Please output every line of the material as it stands, without the pictures.

*****

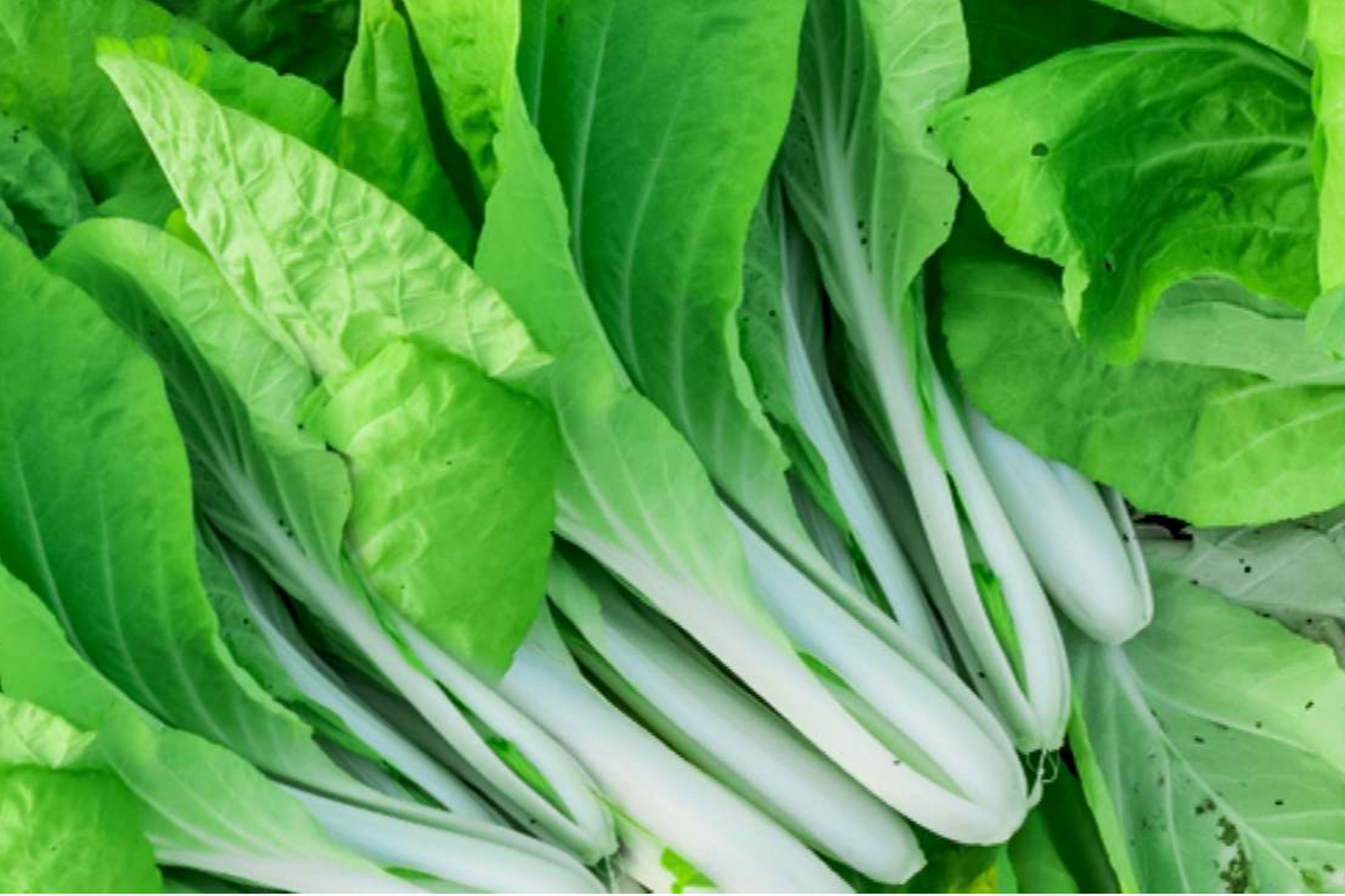 Pak Choi Cabbage Seeds - White Stem Baby Bok Choy | NON-GMO Brassica rapa subsp. chinensis
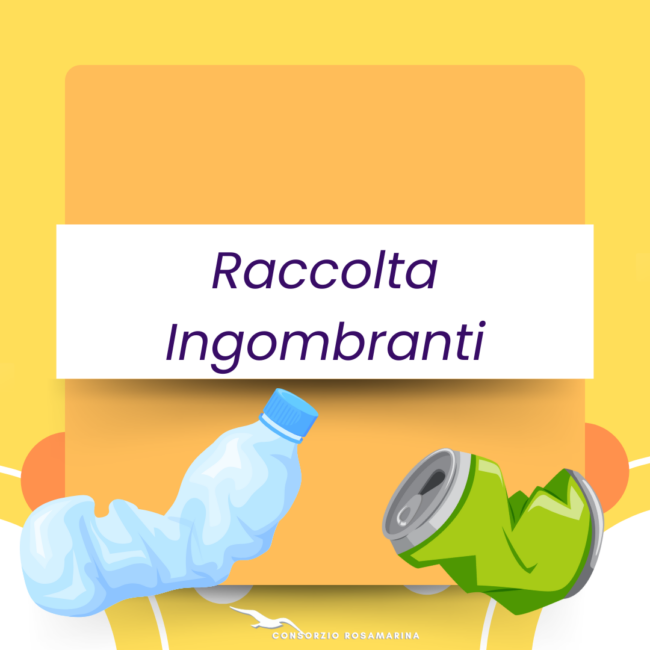 Raccolta ingombranti
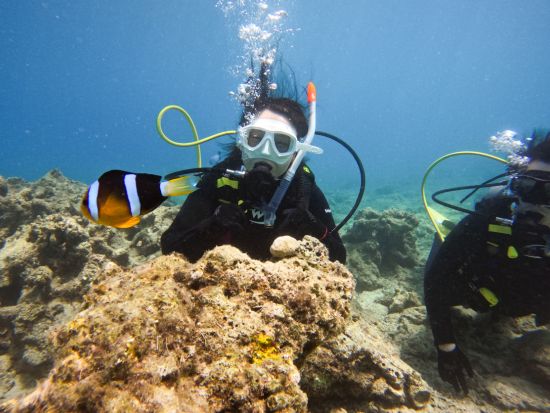 体験ダイビング半日ツアー　ビーチエントリー1ダイブ　奄美群島エコツアー登録ガイド新屋さんがご案内 ＜龍郷町＞ by LeapScubaAmami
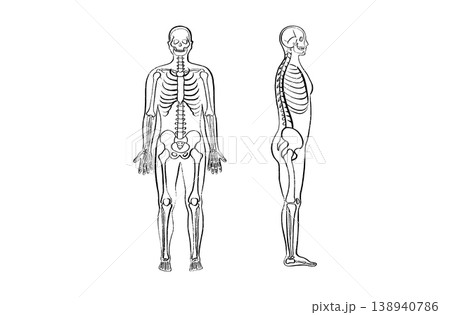 Organ Systems Sketch Organ Systems Sketch 138940786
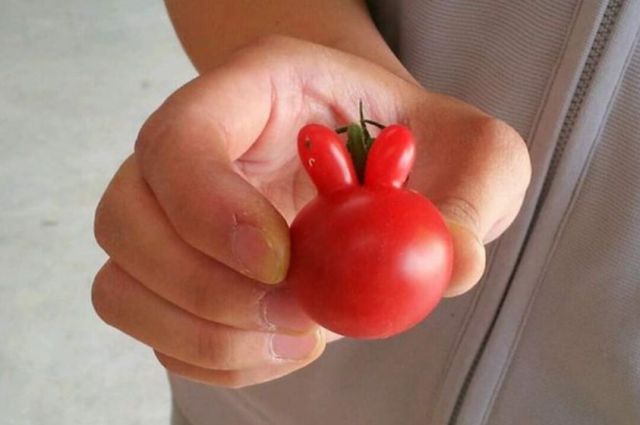規格外 ユニークな形「マッチョトマト」が大バズリ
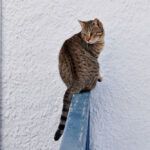 gatos siete vidas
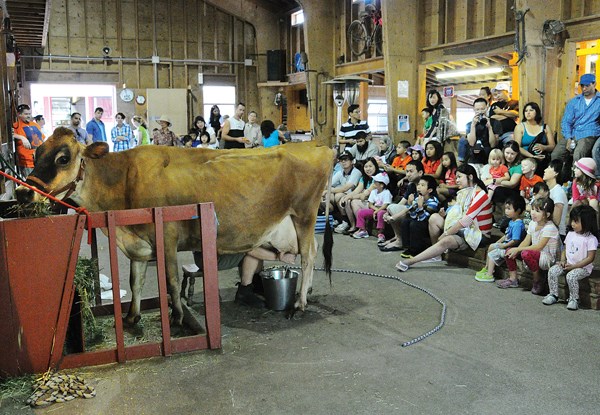 Visitors get a first look at where their coffee cream comes from at a milking demonstration at Maplewood Farm. The farm is looking for financial support to make it a top tourist destination in the Lower Mainland.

*****

Your response =
 Pak Choi Cabbage Seeds - White Stem Baby Bok Choy | NON-GMO Brassica rapa subsp. chinensis
 Raccolta ingombranti
 体験ダイビング半日ツアー　ビーチエントリー1ダイブ　奄美群島エコツアー登録ガイド新屋さんがご案内 ＜龍郷町＞ by LeapScubaAmami
 Organ Systems Sketch Organ Systems Sketch 138940786
規格外 ユニークな形「マッチョトマト」が大バズリ
 gatos siete vidas
 Visitors get a first look at where their coffee cream comes from at a milking demonstration at Maplewood Farm. The farm is looking for financial support to make it a top tourist destination in the Lower Mainland.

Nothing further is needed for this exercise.